The grounding of the 737 Max has led to increased demands for older jets!

The worldwide grounding of the Boeing 737 Max aircraft has led to airlines moving towards older jets to meet growing demands. With the grounding of the aircraft, leasing firms have seen an increased demand for older 737 planes. Phil Seymour the CEO of a London-based aerospace consulting firm IBA, said: “Used 800s are like gold dust at the moment” referring to the older model of the aircraft, the Boeing 737-800. He has estimated that lease rates for 24 months or less, for some older 737 planes have gone up 40%, to about $300,000 ever since regulators grounded the 737 Max in March. The aircraft was grounded after two fatal crashes that claimed 346 lives. Airlines were relying on the fuel-efficient 737 Max for the busy mid-year vacation season. According to the International Air Transport Association, air travel demand rose to around 5% in the first half of the year 2019 from a year ago. Michael Inglese the CEO of Aircastle said, customers whose leases on old 737 are expiring are extending their agreements. Aircastle does not have any 737 Max aircraft and neither do they have any order.
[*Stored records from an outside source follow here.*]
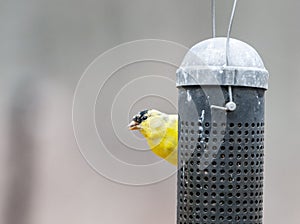 American Gold Finch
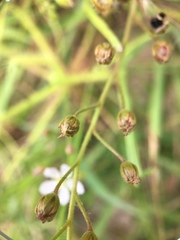 Drosera finlaysoniana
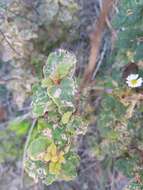 Image of Olearia tomentosa (Wendl.) DC.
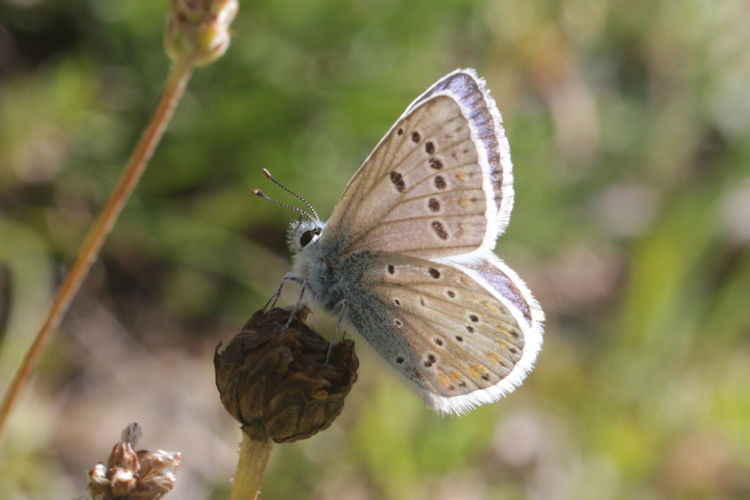 Polyommatus dorylas: Bild 21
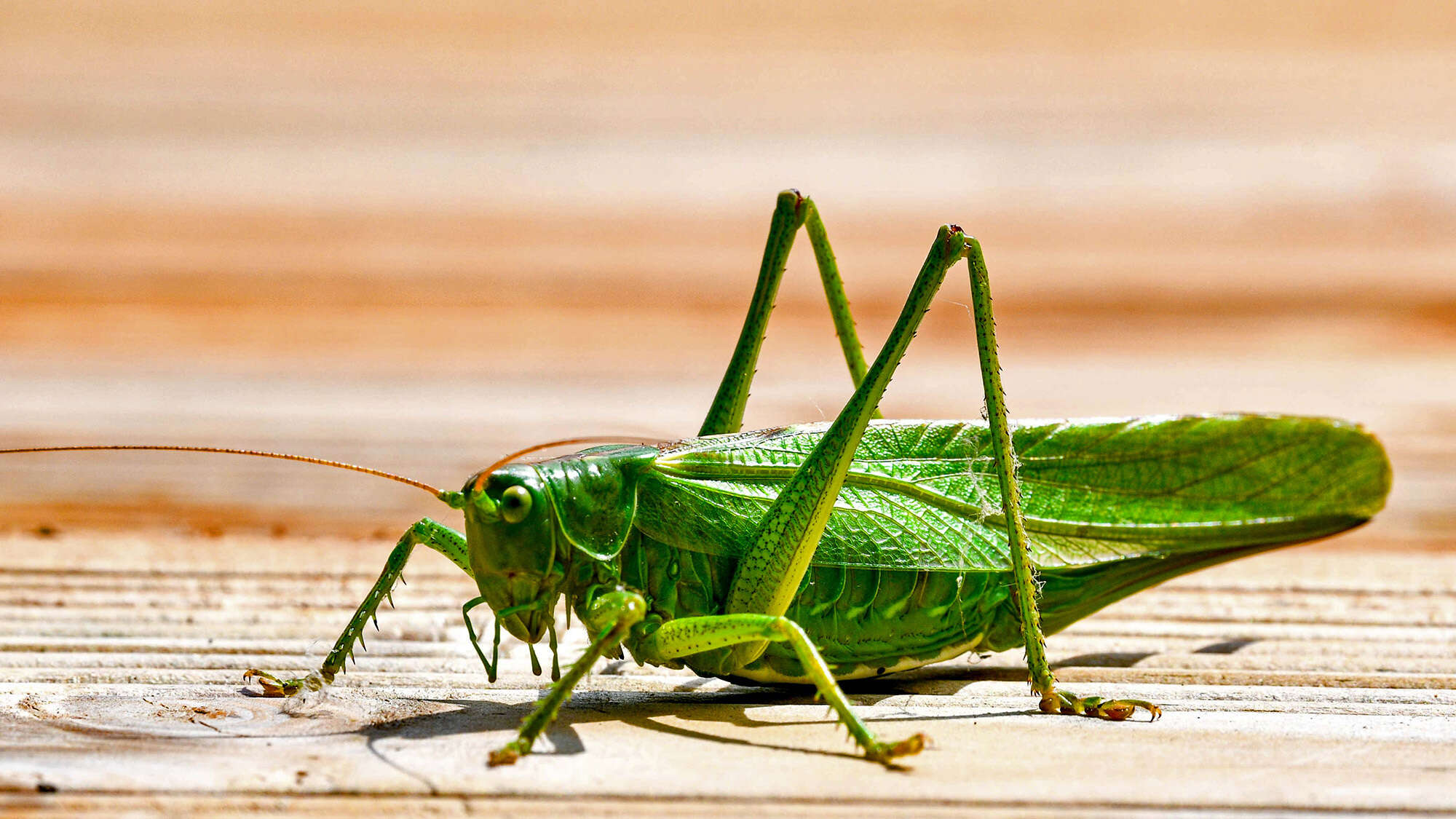 Parasitic crickets have a few moves to outsmart ants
Initially, in March, customers expected the jets to return for operations, but now carriers debating on how to address the prolonged grounding of the aircraft. The single-aisle jet that can fit more than 150 passengers and can fly short and medium-haul flights has undoubtedly been a staple of airline fleets for over 50 years. Many airlines that solely fly 737s are now holding on to older planes longer. Many leasing firms have said that they do not have any 737-800s or other previous models for lease, but few airlines are still putting an effort and trying. “Fly has already leased all of its Boeing 737s this year,” said Colm Barrington the CEO of an aircraft leasing company called Fly Leasing. He also said that they are seeing strong demand for Boeing 737-800s. Boeing is holding back deliveries of the 737 Max ever since the grounding of the aircraft began. In the second quarter, it took a $4.9 billion charge, an estimate of compensation airlines and other Max customers will receive.